The ash of the Rocky fire was still hot when Gov. Jerry Brown strode to a bank of television cameras beside a blackened ridge and, flanked by firefighters, delivered a battle cry against climate change.
The wilderness fire was “a real wake-up call” to reduce the carbon pollution “that is in many respects driving all of this,” he said.
“The fires are changing…. The way this fire performed, it’s not the way it usually has been. Going in lots of directions, moving fast, even without hot winds.”
“It’s a new normal,” he said in August. “California is burning.”
Brown had political reasons for his declaration.
He had just challenged Republican presidential candidates to state their agendas on global warming. He was embroiled in a fight with the oil industry over legislation to slash gasoline use in California. And he is seeking to make a mark on international negotiations on climate change that culminate in Paris in December.

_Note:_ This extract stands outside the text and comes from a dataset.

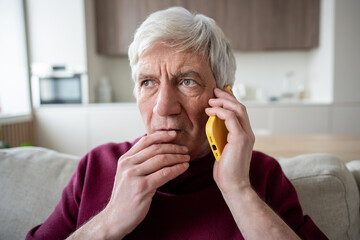 Suspicious stressed senior man frowns during unexpected call, listening to pressured demands for...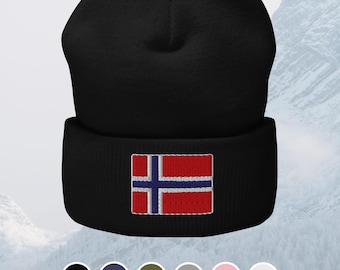 May include: Black beanie with the Norwegian flag embroidered on the front. The flag features a blue cross with white borders on a red background. The beanie is made of a soft, knitted material and is suitable for cold weather.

But scientists who study climate change and fire behavior say their work does not show a link between this year’s wildfires and global warming, or support Brown’s assertion that fires are now unpredictable and unprecedented. There is not enough evidence, they say.
University of Colorado climate change specialist Roger Pielke said Brown is engaging in “noble-cause corruption.”
Pielke said it is easier to make a political case for change using immediate and local threats, rather than those on a global scale, especially given the subtleties of climate change research, which features probabilities subject to wide margins of error and contradiction by other findings.
“That is the nature of politics,” Pielke said, “but sometimes the science really has to matter.”
Other experts say there is, in fact, a more immediate threat: a landscape altered by a century of fire suppression, timber cutting and development.
Public attention should be focused on understanding fire risk, controlling development and making existing homes safer with fire-rated roofs and ember-resistant vents, said Richard Halsey, who founded the Chaparral Institute in San Diego.
Otherwise, he said, “the houses will keep burning down and people will keep dying.”
“I don’t believe the climate change discussion is helpful,” Halsey said.
Brown does not contend that climate change alone is making California’s fires worse, said Nancy Vogel, spokeswoman for the governor’s Natural Resources Agency. But she said addressing fires in the same breath as global warming “broadens the discussion and encourages us to think about the future.”